**Work instructions:**
Use the entries below and reproduce exactly the lines from the one containing "炒股加杠杆有什么区别 股海导航_2026年9月22日_沪深股市公告与交易提示" down to the one containing "ผลหวยฮานอย 15/5/68", both of them included.

Segment Start: Data for processing

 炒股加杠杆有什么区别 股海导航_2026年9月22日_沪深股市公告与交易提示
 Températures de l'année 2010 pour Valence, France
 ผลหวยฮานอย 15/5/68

Segment End: Data for processing
Segment Start: Data for processing

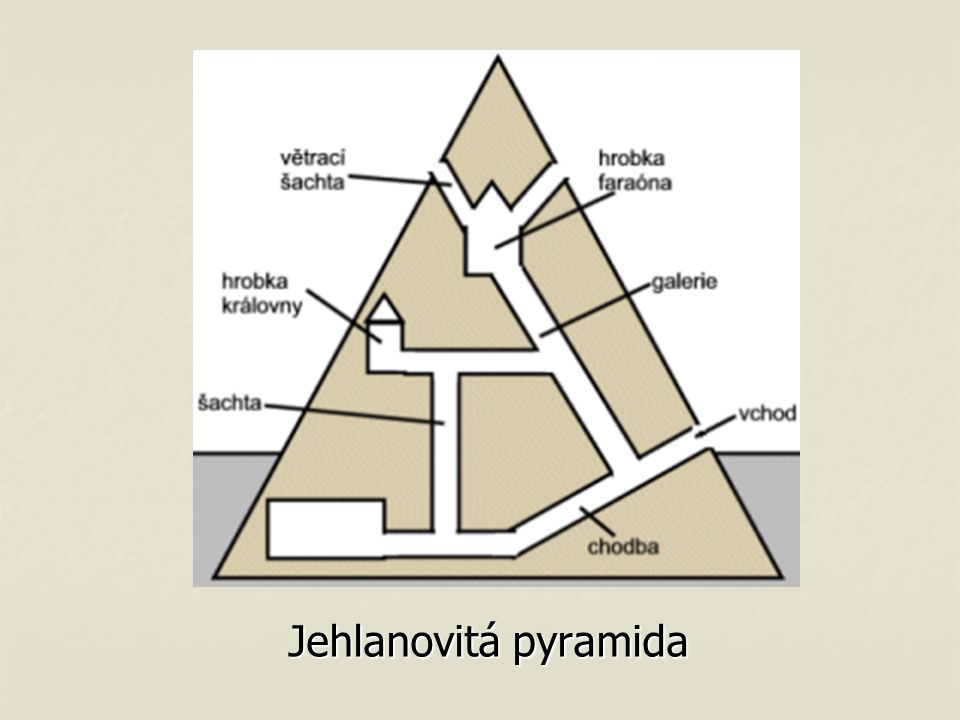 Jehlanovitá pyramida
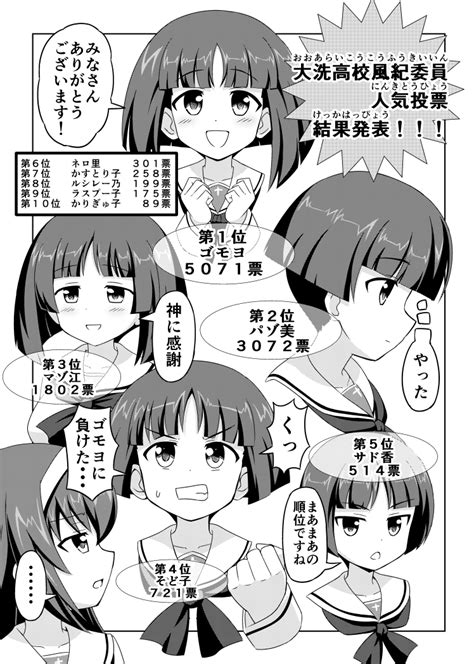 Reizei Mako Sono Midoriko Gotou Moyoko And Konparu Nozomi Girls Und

Segment End: Data for processing

**Solved exercise:**
 炒股加杠杆有什么区别 股海导航_2026年9月22日_沪深股市公告与交易提示
 Températures de l'année 2010 pour Valence, France
 ผลหวยฮานอย 15/5/68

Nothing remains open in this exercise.